Flare-ups, Alcohol, And Big Life Changes: The Results
For the past month and a half, I've been on a health journey provoked by an intense flare-up (see part 1 of this story) that caused my worst-ever flare-up and scared me down to my bones — pun intended. It scared me about my future. It scared me to feel so out of control. I am not currently on medication besides an NSAID, and I wanted to see if there was anything I could do to reduce my pain before talking to my doctor about anything else (as I had gotten off of my biologic due to shingles).
There were things that I could change
And yet, I wasn't entirely out of control. I needed to do what I could to combat what was happening inside my body. I think of this disease as a mixture of gene expression, environment (where and how we live: our stressors, financial access, trauma), and intentional, daily management (movement, stress-reduction, diet, and medication).
I have learned a few things over the past 6 weeks — and these things have made a profound difference in my life and in my experience of living with AS:
- I began eating very intentionally — cooking my own mostly plant-based, omega-3 rich food. I also drink about 100 ounces of water daily. The result: I lost a few inches (I don't weigh myself) and my face is way less puffy. I only make quick and easy meals, so I'm not on my feet a lot.
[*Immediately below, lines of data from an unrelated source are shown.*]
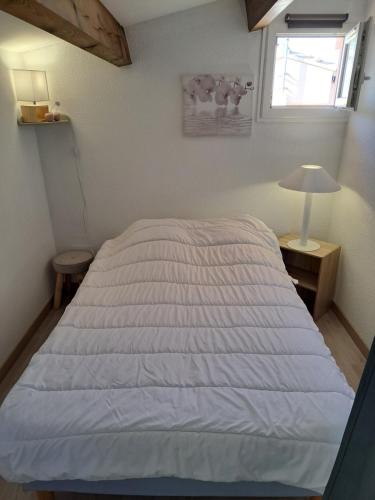 une chambre avec un lit, une lampe et une fenêtre dans l'établissement Maisonnette, 5 Pers, 500m plage, Parking, Terrasse, au Cap d'Agde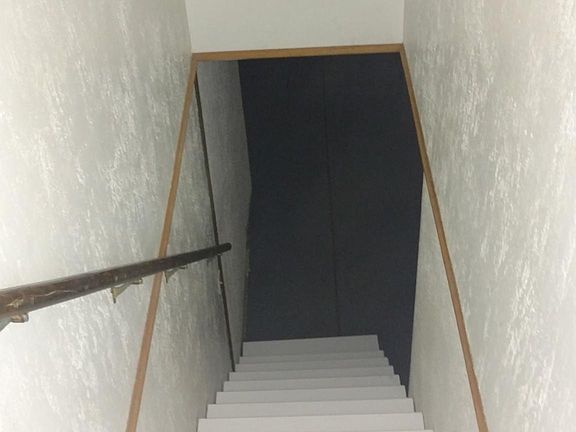 Staircase going to basement.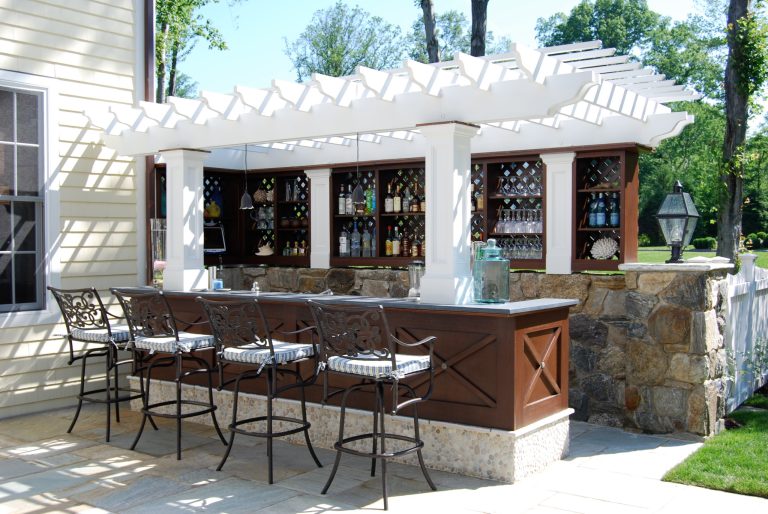 Mid-sized elegant backyard stone patio kitchen photo in New York with a pergola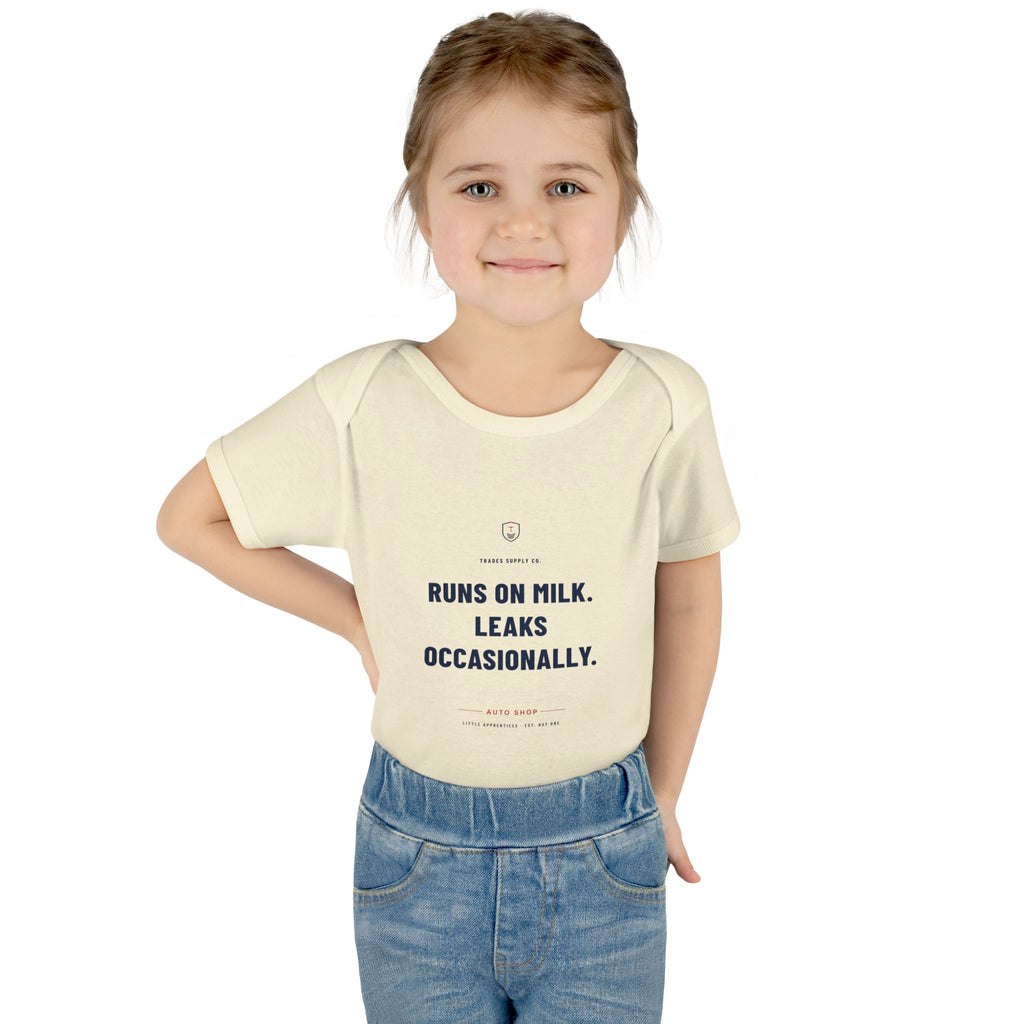Runs On Milk. Leaks Occasionally. — Auto Tech Baby Bodysuit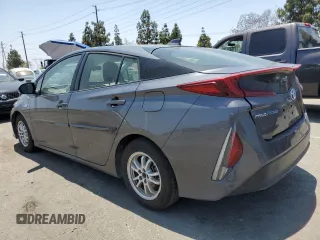 2021 Toyota Prius LE z VIN JTDKAMFPXM3174518, wystawiony jako Copart lot #58854495 z przebiegiem 83 445 mil mil oraz Szkoda całkowita • Salvage title. Historia ofert i sprzedaży dostępna na DreamBid. Obrazek 2.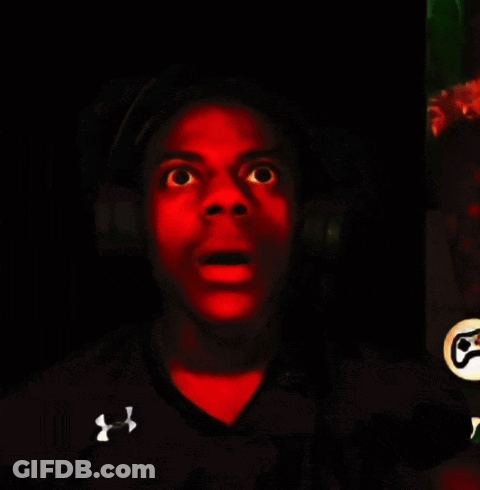A Man Wearing A Black Under Armour Shirt Is Making A Funny Face GIF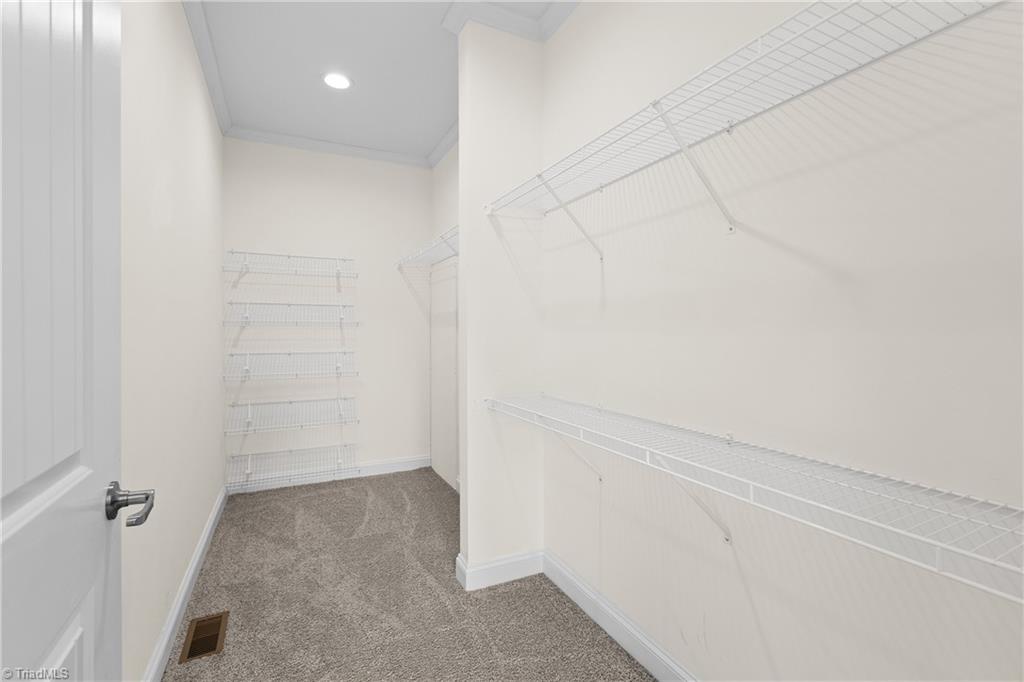Walk-in closet with white wire shelving and beige carpet.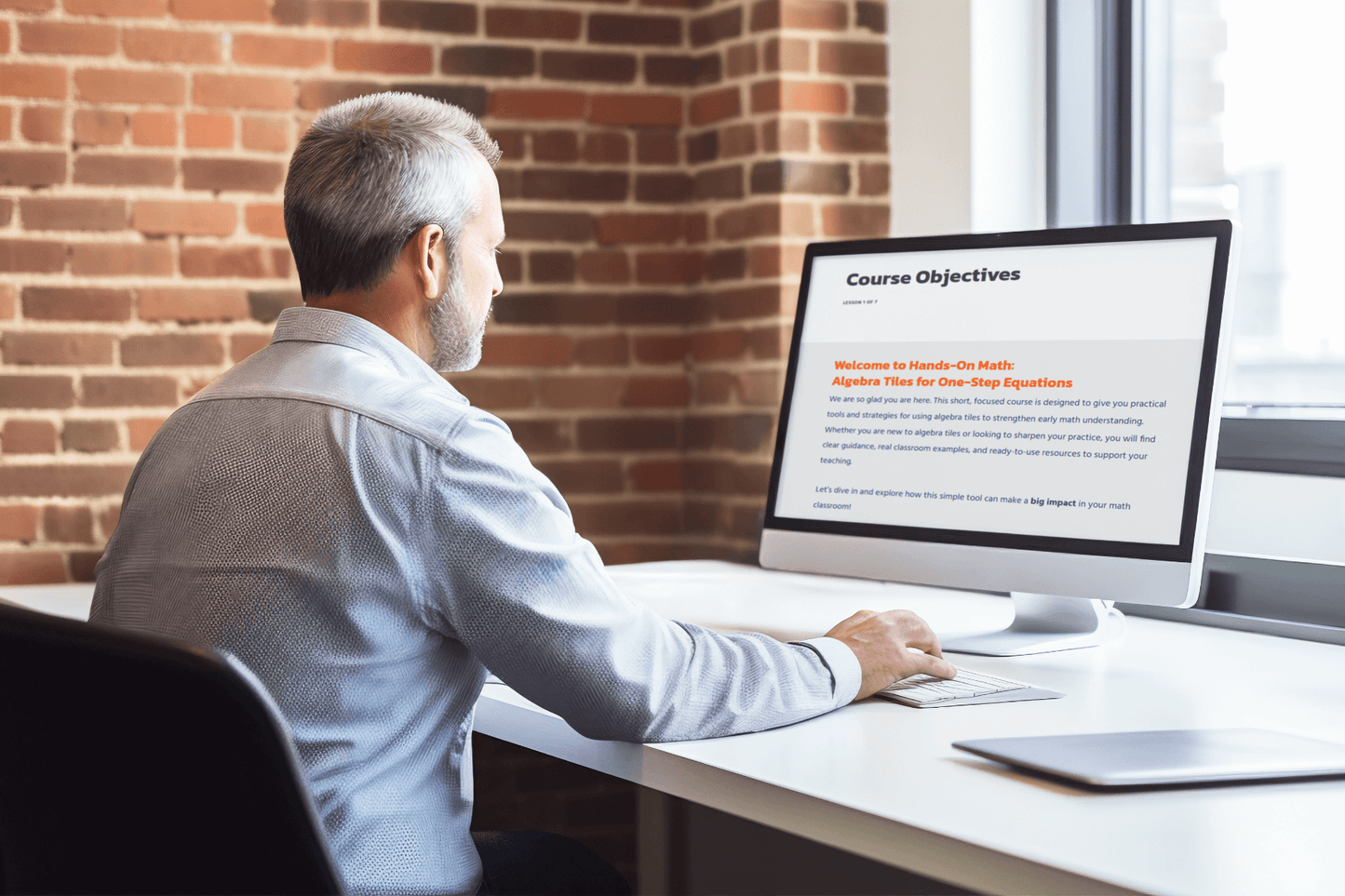 A man with gray hair sits at a white desk, working on a computer displaying "Course Objectives." The setting is modern, with a brick wall backdrop.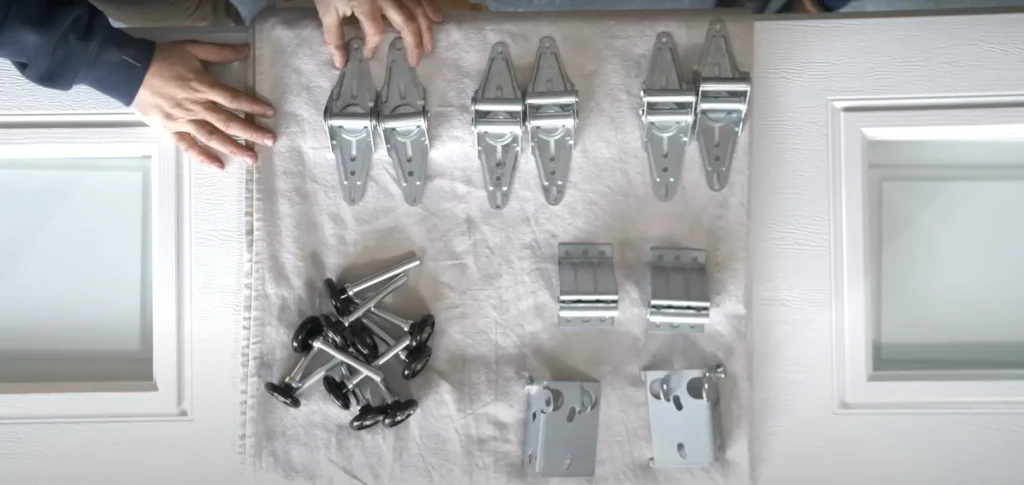Various components for an overhead door installation laid out neatly on a white cloth, including rollers, hinges, and brackets.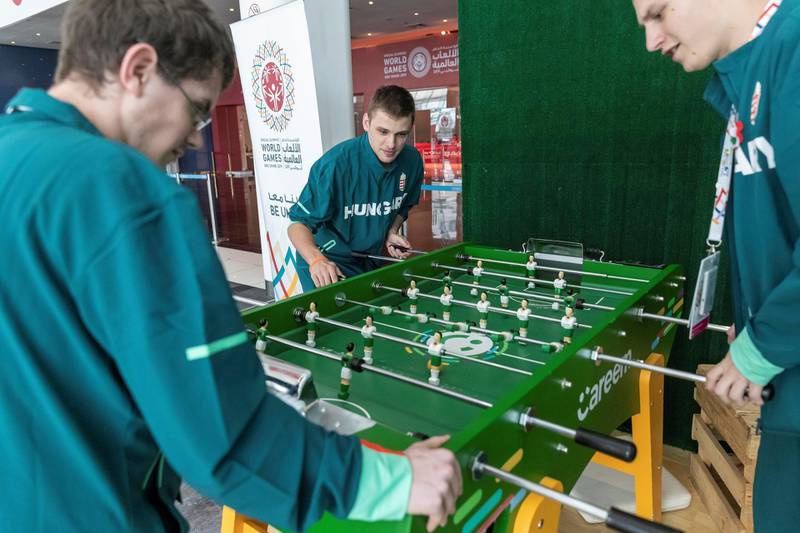 ABU DHABI, UNITED ARAB EMIRATES. 15 MARCH 2019. Special Olympics action at ADNEC. .Hungary team taking a break playing Foosball. (Photo: Antonie Robertson/The National) Journalist: None: National.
- I started working out daily (even if it's a short stretch routine versus a 45-minute swim or gym session). Once I got used to the daily workout, my body started to crave it. It was much, much worse when I'd stay sedentary — which only made my pain worse. Everyone's going to be different, but I recommend finding some sort of way of getting real movement. It doesn't have to be a cardio workout (although our hearts are at risk and I'd suggest), but something that adds more mobility and flexibility, like tai chi or swimming. The result: A reduction in pain from an 8 or 9 to a 3 or 4, especially during bedtime. It's amazing how well my AS responds to routine movement.
- I started taking meditation, reflection, and 'time-off' seriously. One of the best things I did was pop into my bedroom for a random meditation session — sometimes before bed, sometimes in the middle of the day! Other times I'd just journal before bed or in the morning (I even wrote a book of writing prompts myself). The focus tells the mind to slow down. I swear it's changed things for me. Two book recommendations: How to Not Always Be Working: A Toolkit for Creativity and Radical Self-Care and Five Minutes in the Morning. The result: Keeping my mind focused has helped me work through tough times. I know this will help me not spiral during future flare-ups.
- Avoiding alcohol was probably my biggest transformative move. Yes, they say a glass of red may actually benefit for your health — but I have noticed that when I drink, I am in pain. If I drink one or two glasses of alcohol, like clockwork, the pain kicks in. After alcohol, I am way stiffer. I am more likely to sleep poorly, and for goodness sake — we all need better sleep with this disease. Reducing alcohol was also the hardest thing to do. As a Mediterranean-blooded formerly Catholic poet living in New York City, a glass of red wine is not just delicious. It's part of a larger ritual. It's culture and identity. It's part of the art and writing scene. It also offers a moment to reflect, it helps with creativity, and it is part of the way I communicate with family and friends. The result: I now reduce drinking to special occasions, and when I do, I don't go crazy. I balance it with smart wellness behaviors — drinking enough water, sleeping enough, working out, and eating well.
Life is short, so we should have fun. The occasional wild night is healthy and human; I'll never give it up. But I know now how to how to properly treat my body. It wants rest, intention, softness, and movement. It wants water, light, and meditation. It wants me to fight for it.